Une gauche qui plie sans rompre

La place manque pour rendre hommage à la gauche, représentée par les député·es De Matteis, Osmani, Ferati ou Eckert. Ferraillant avec vaillance contre un abattage déplacé et parfois nauséeux, elle n’innova guère en y opposant toutes les bonnes raisons de faciliter l’accession des résidents à la codécision.  Réduite au tandem rose-vert, elle n’évita pas le double piège tendu par ses adversaires. Que n’a-t-elle, donnant dans la prétendue indivisibilité des valeurs helvétiques, martelé que les nationalistes confondent sciemment ce qui sépare par principe l’échelon local du canton visé par l’initiative de celui du pays entier concerné par la demande de naturalisation, condamnée uniquement dans sa croissante rigidité[7] ? Enfin, elle a poursuivi jusqu’au bout le mirage d’un contreprojet sans la moindre garantie de répondre à la modeste mais cohérente avancée proposée par ses propres partisans. Elle s’est attirée finalement une belle torgnole, offrant à la droite, malgré l’insistante proposition du conseiller d’Etat Apothéloz de collaborer à sa rédaction, d’en repousser le principe avec dédain.

Un résultat déshonorant

Le résultat sans appel est tombé vers 23h. L’initiative est rejetée par 60 voix contre 35, le principe d’un contreprojet par 51 contre 43 et 2 abstentions.

Une cause non entendue

Rendez-vous est donc pris au printemps pour faire beaucoup mieux devant le peuple que la décision inepte prise par le parlement.
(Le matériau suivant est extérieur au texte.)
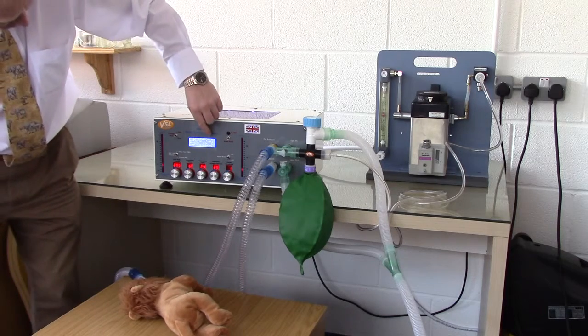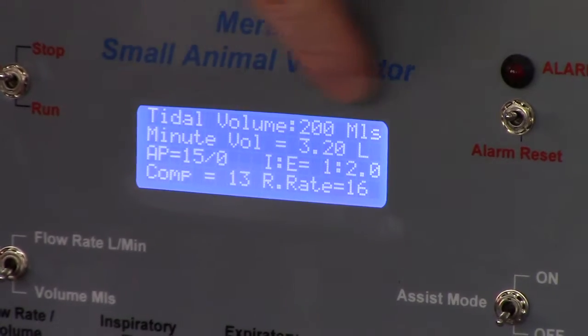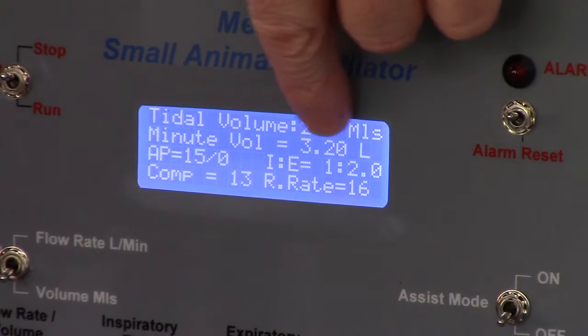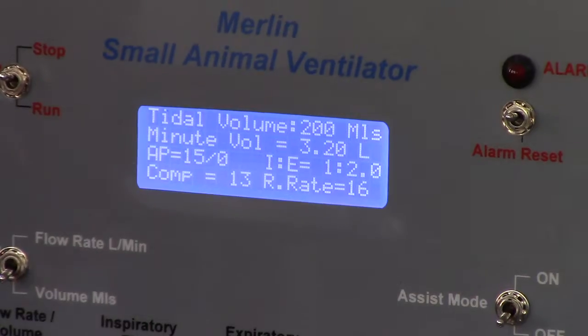The main screen shows all the ventilation parameters. The top line is the tidal volume, which is 200mL, then the minute volume at 3.2L, and an IE ratio of 1 to 2.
Dario Ciprut, 28 juin 2023

[1] Initiative populaire « une Vie Ici, une VOix, Ici », renforçons notre démocratie, baptisée IN 189

[2] Anne-Marie von Arx-Vernon, décédée en juin 2020, remplacée au rapport de majorité par Jean-Marc Guinchard

[3] Voir de précieux détails dans mon article non publié « Le MCG perd les pédales » sous https://bit.ly/43ZDZX5

[4] Voir notre billet sous l’invité de la Tribune de Genève du jour

[5] Rapports disponibles sous IN 189-B sur le site du GC

[6] Débat en replay sous https://bit.ly/3ptIha3

[7] La collecte de signatures pour une initiative populaire fédérale, dite des « 4 quarts », émanant des Verts à notre connaissance, visant à assouplir drastiquement les conditions de la demande d’accès au passeport, vient de débuter.  Bonne chance à des initiants que nous croyons conscients d’aller, si les signatures aboutissent, vu les positions régnantes dans les cantons outre-Sarine, au casse-pipe pour la gloire et, souhaitons-le, une prise de gages pour l’avenir. Quand bien même elles reposent toutes deux sur une vision plus ouverte qu’aujourd’hui de la citoyenneté, la gauche ne gagne rien à la confondre avec « une Vie Ici, une VOix ICI », indépendante de la nationalité, de son caractère pérenne, identitaire, et transmissible, limitée dans sa portée au canton de Genève, dont les signatures ont abouti, et que le rejet du Grand Conseil dont il est ici question entraîne le passage sans contreprojet devant le peuple début 2024, probablement avant même que le sort des signatures des « 4 quarts » soit scellé. L’interférence inévitable des argumentations de la campagne Vi.VO.ICI avec la précampagne pour « 4 quarts » risque de compliquer la tâche des militants qui devront éviter d’en confondre portée et présupposés.